● DIRECTIONS
Print the lines from the one containing "Bán nhà hồ học lãm bình tân dt 45m2 giá 5 tỷ" through the end of the material below, both included, exactly as they appear and without pictures.

● RECORDS SHOWN
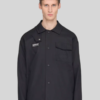 shop Adidas Wingrove II SPZL Jacket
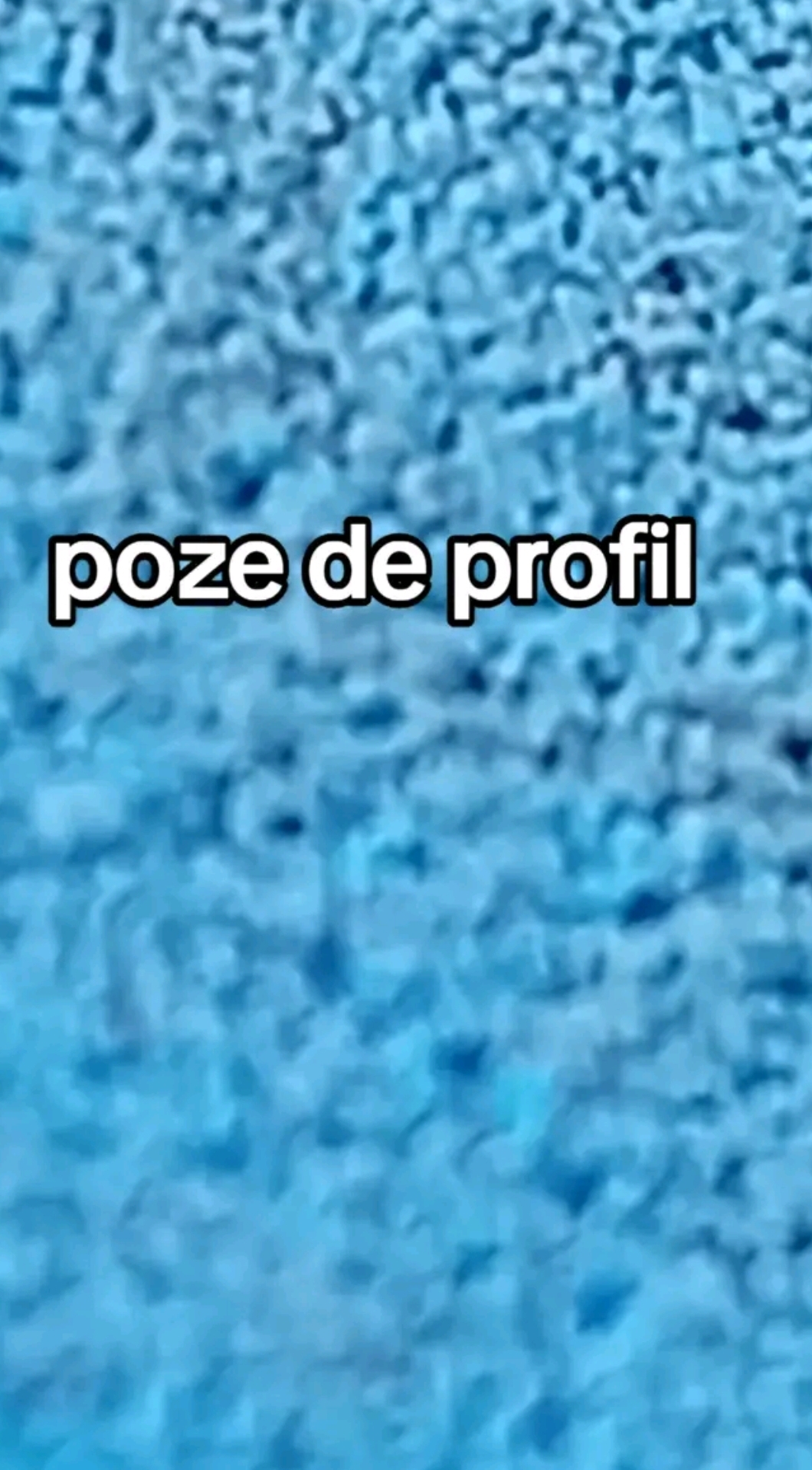 @David 19LAINIAMAL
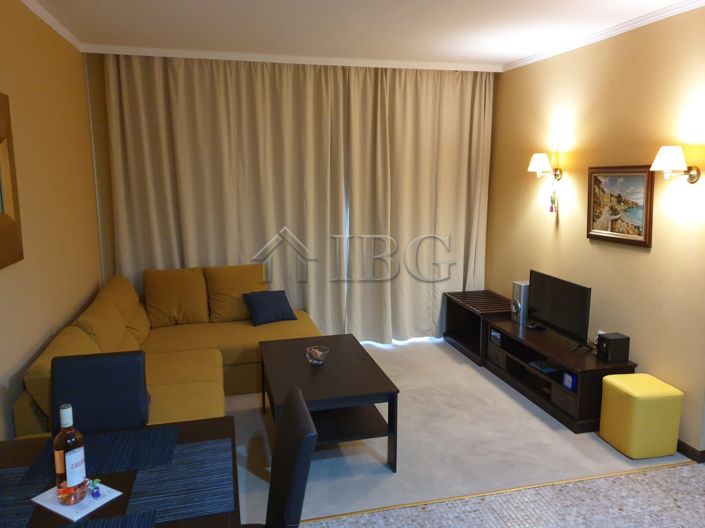 Image No.15-1 Bed Apartment for sale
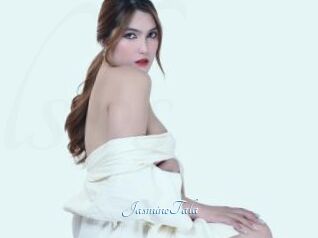 JasmineTala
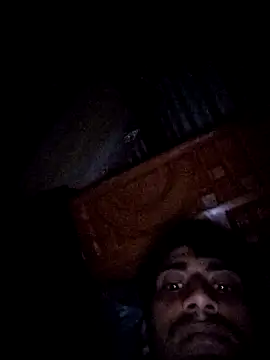 Snapshot of lermaalburu chatting on April 2, 9:01 pm lermaalburu online show from April 2, 9:01 pm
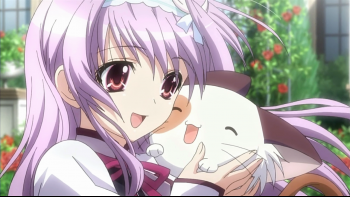[Zenyaku] Mashiro-Iro Symphony - 01v0 [720p h264 AAC] [09619A4E].mkv_001922.955_1.png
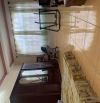 Bán nhà hồ học lãm bình tân dt 45m2 giá 5 tỷ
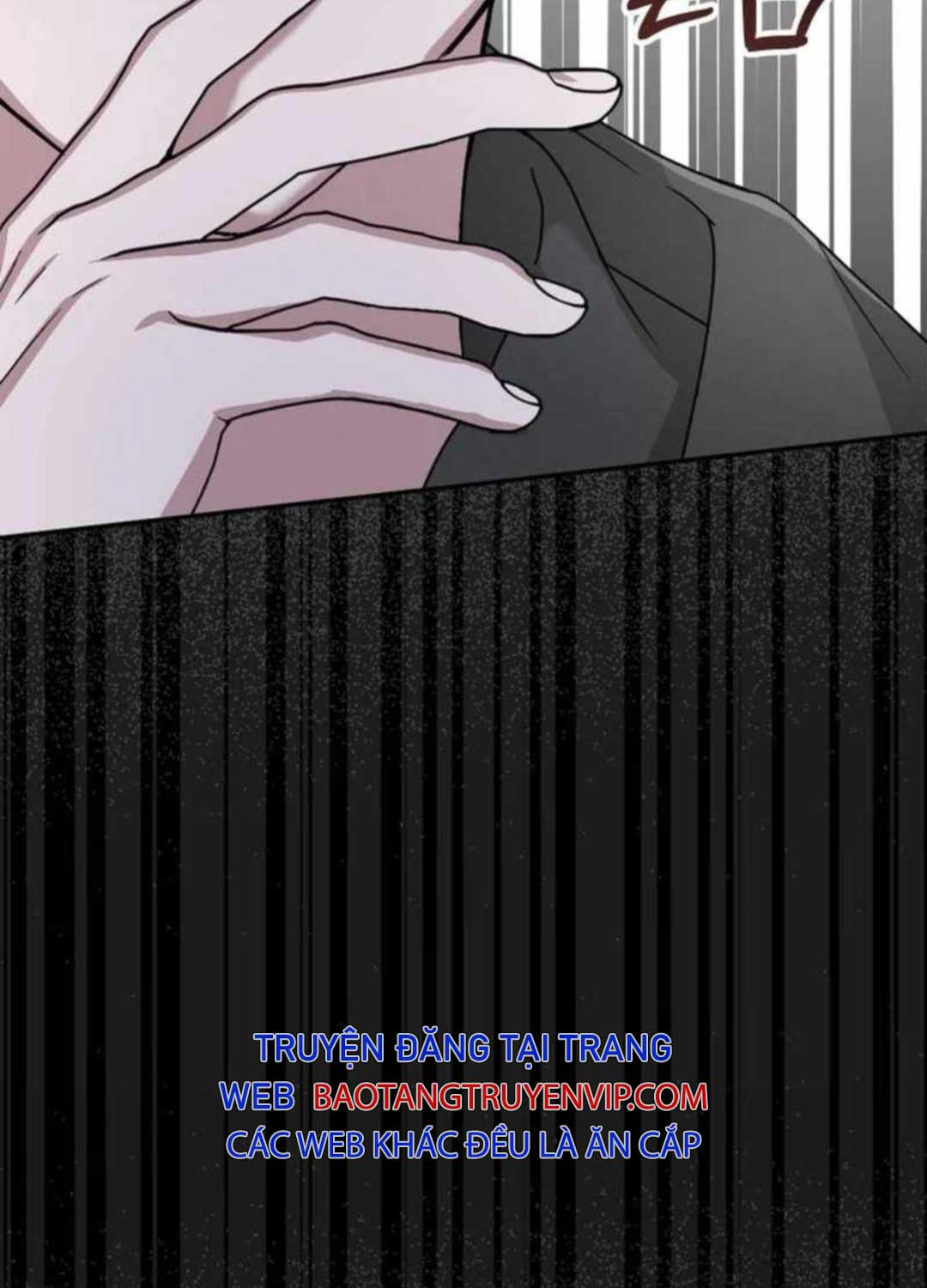 Tôi Bị Hiểu Lầm Là Diễn Viên Thiên Tài Quái Vật Chap 3 - Next Chap 4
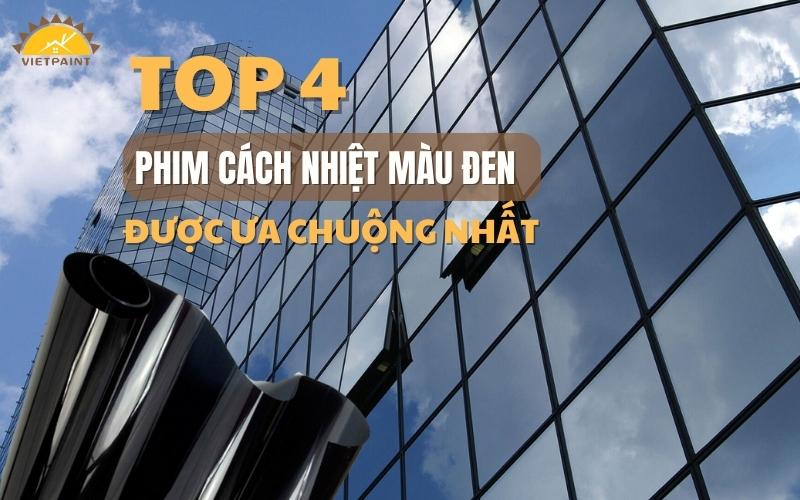 top-4-phim-cach-nhiet-mau-den-duoc-ua-chuong-nhat-(1).jpg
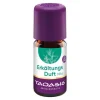 Erkältungsduft Öl mild, 5 ml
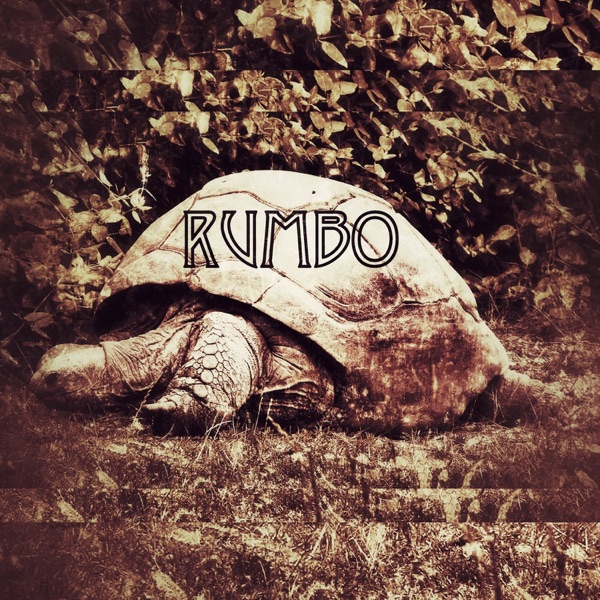 Rumbo - Single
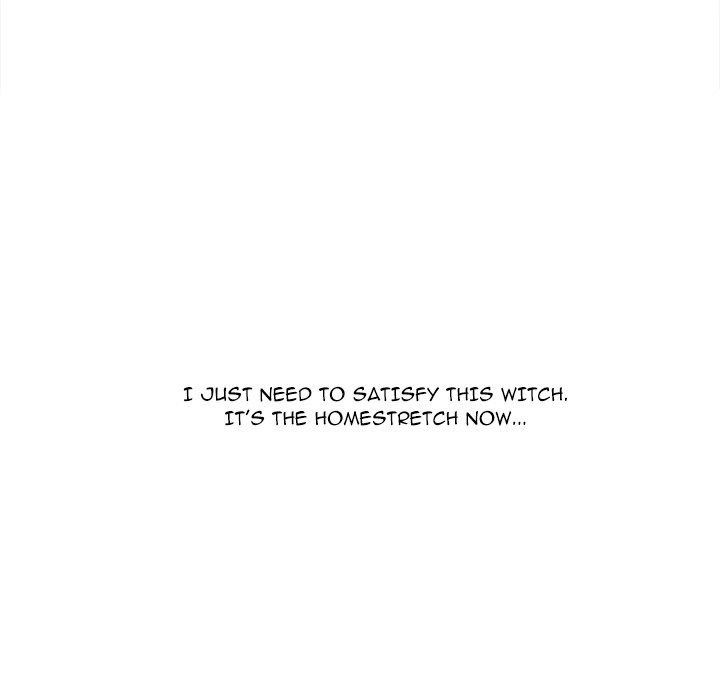 My High School Bully - Chapter 95 - picture 94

● REPLY TO THE EXERCISE
 Bán nhà hồ học lãm bình tân dt 45m2 giá 5 tỷ
 Tôi Bị Hiểu Lầm Là Diễn Viên Thiên Tài Quái Vật Chap 3 - Next Chap 4
 top-4-phim-cach-nhiet-mau-den-duoc-ua-chuong-nhat-(1).jpg
 Erkältungsduft Öl mild, 5 ml
 Rumbo - Single
 My High School Bully - Chapter 95 - picture 94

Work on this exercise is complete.